Il carcere si trova in una città a nord-est di Antananarivo. Per arrivarci non c'è strada, ma una pista. Nonostante disti solo 260 km dalla capitale, ci si impiegano più di sei ore per raggiungerla. Il carcere ospita attualmente nella sezione maschile mille persone circa. In quella femminile al momento ci sono 29 donne. I carcerati trascorrono le giornate all'aperto nel piazzale, e una volta al giorno si mangia solo manioca bollita.

AGGIORNAMENTI DAL NOSTRO ULTIMO VIAGGIO 28 agosto - 16 settembre 2010
Il 02 settembre abbiamo visitato il carcere con il nostro referente. Attualmente in prigione ci sono 900 uomini, tra i quali molti giovani, e 34 donne. Gli ultimi due anni di crisi che il Madagascar ha dovuto sopportare, hanno aumentato l'incidenza di piccoli reati legati alla povertà e alla fame. Per questo in carcere ci sono anche molti ragazzi. Abbiamo pensato di condividere con i detenuti un momento un po' diverso, soprattutto per loro che non svolgono nessun tipo di attività durante la giornata. Con l'aiuto di alcuni amici abbiamo preparato dei foglietti con delle frasi tradotte in malgascio. Ad ogni detenuto abbiamo donato così una frase ed una caramella. Per i ragazzi abbiamo portato penne e quaderni, poiché hanno la possibilità di studiare, dato che in questa prigione c'è una suora italiana che si occupa della sezione minorile e dei malati.

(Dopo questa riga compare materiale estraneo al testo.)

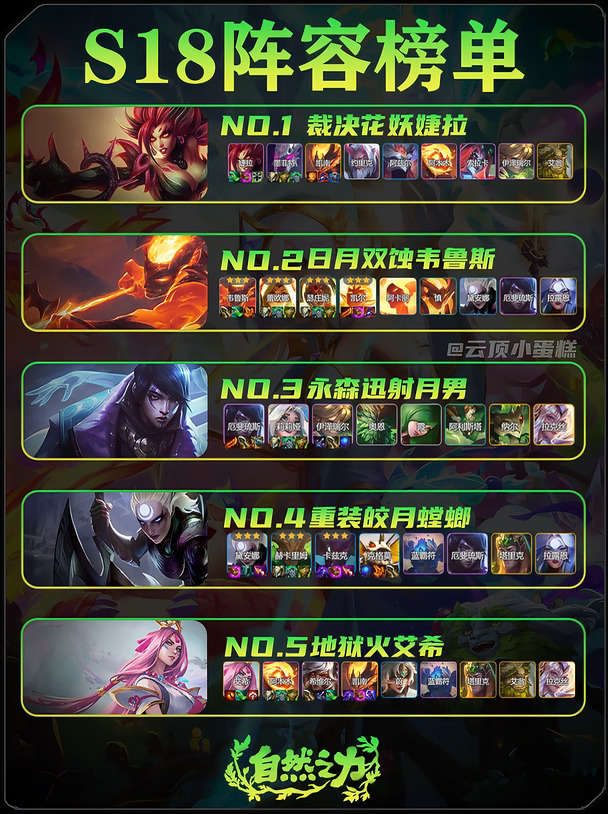 S18 五大 T0 阵容榜单🔥版本强势体系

FIADANANA HO ANAO RY RAHALAHY - PACE A TE FRATELLO

Le frasi scritte erano di questo genere e rimaniamo davvero con la speranza nel cuore che siano state un piccolo sostegno per loro. Poi alcuni ragazzi, artisti nati, hanno preso la chitarra e tutti insieme hanno cantato.
Per questo progetto annualmente inviamo un'offerta al nostro referente, con la quale lui provvede a comprare il riso per i detenuti più bisognosi.

Dal mese di gennaio 2009 il Madagascar si trova ad affrontare una grave crisi politica che ha messo in ginocchio l'economia del paese. A farne le spese ovviamente è la gente che fa fatica ogni giorno a "sopravvivere", cercando di reperire i generi di prima necessità (riso, latte, zucchero, olio) che, se si trovano, sono aumentati notevolmente di prezzo. Sappiamo bene che la fame provoca instabilità. Come possiamo immaginare anche le prigioni avvertono le conseguenze di tutto ciò: soffrono per mancanza di cibo, acqua, medicine, ecc. Il responsabile del carcere fa tutto il possibile per assicurare almeno un piatto di riso o mais a settimana ma non è semplice. Il tuo aiuto è importante ora più che mai.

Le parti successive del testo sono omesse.